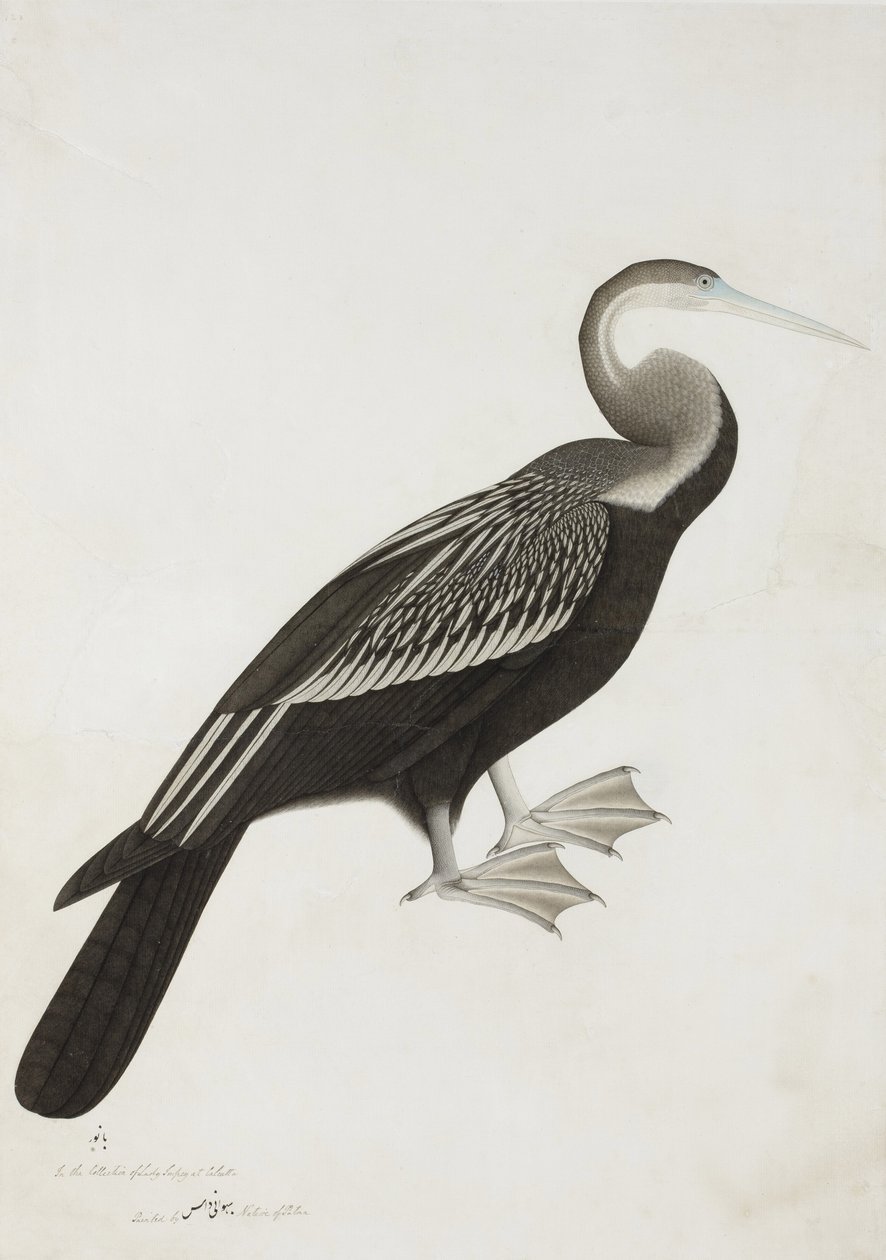 इंडियन डार्टर या स्नेक-बर्ड (एन्हिंगा मेलानोगास्टर), c.1780 (कागज पर अपारदर्शी wc) द्वारा भवानी दास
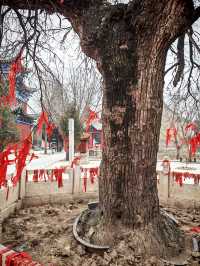 相傳清代順治皇帝出家之地：白雲禪寺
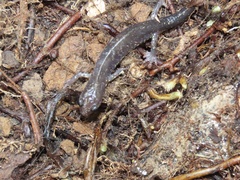 Plethodon wehrlei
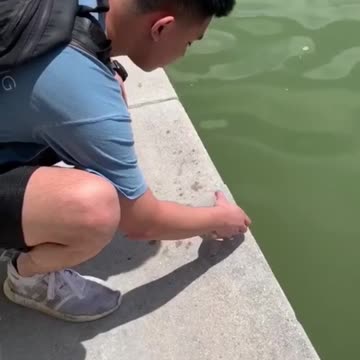 To set a turtle free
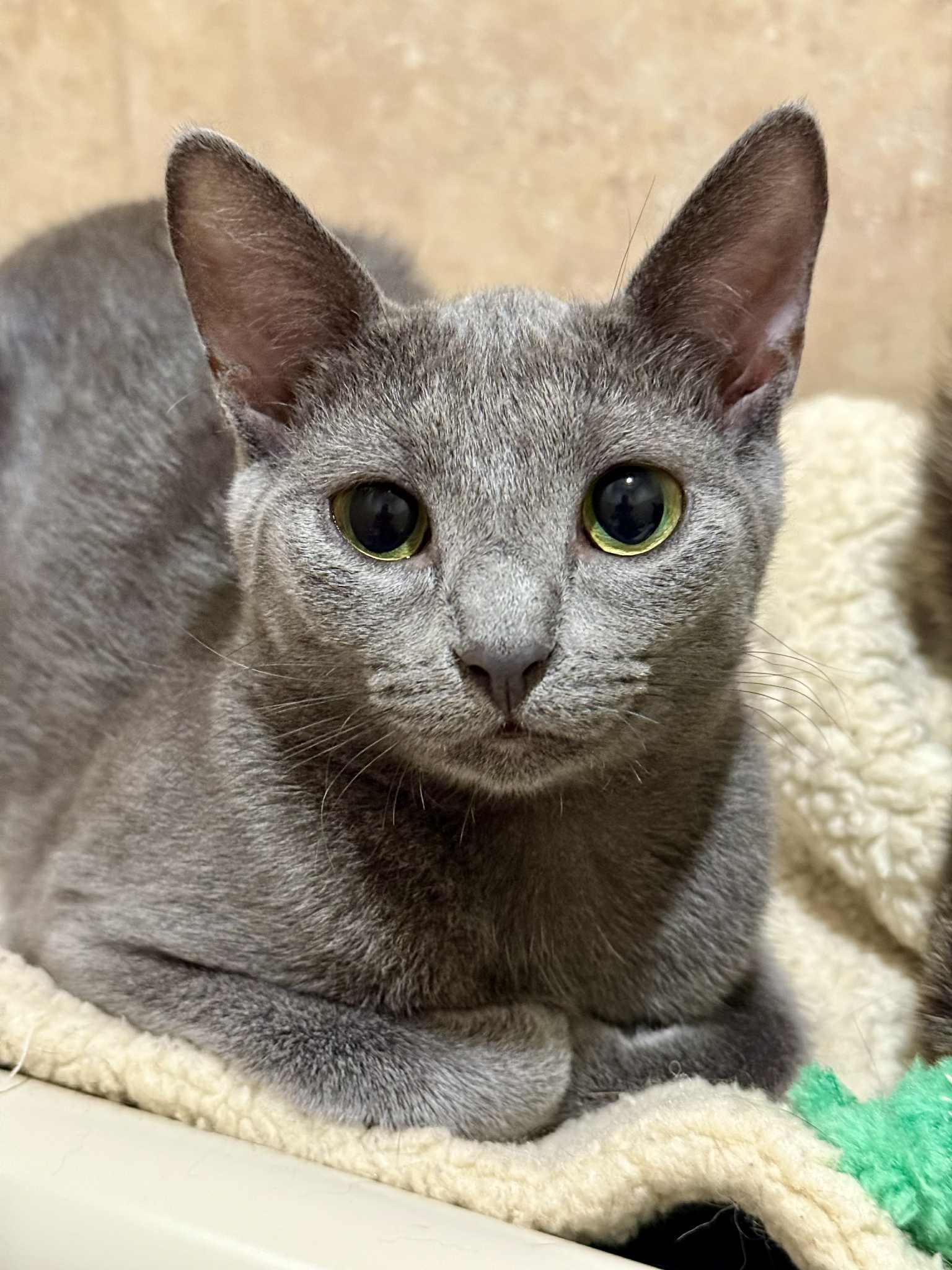 Lark and Lotus (Bonded Pair)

About this task: Print the entries above exactly, taking out only the pictures.

Answer section:
 इंडियन डार्टर या स्नेक-बर्ड (एन्हिंगा मेलानोगास्टर), c.1780 (कागज पर अपारदर्शी wc) द्वारा भवानी दास
 相傳清代順治皇帝出家之地：白雲禪寺
 Plethodon wehrlei
 To set a turtle free
 Lark and Lotus (Bonded Pair)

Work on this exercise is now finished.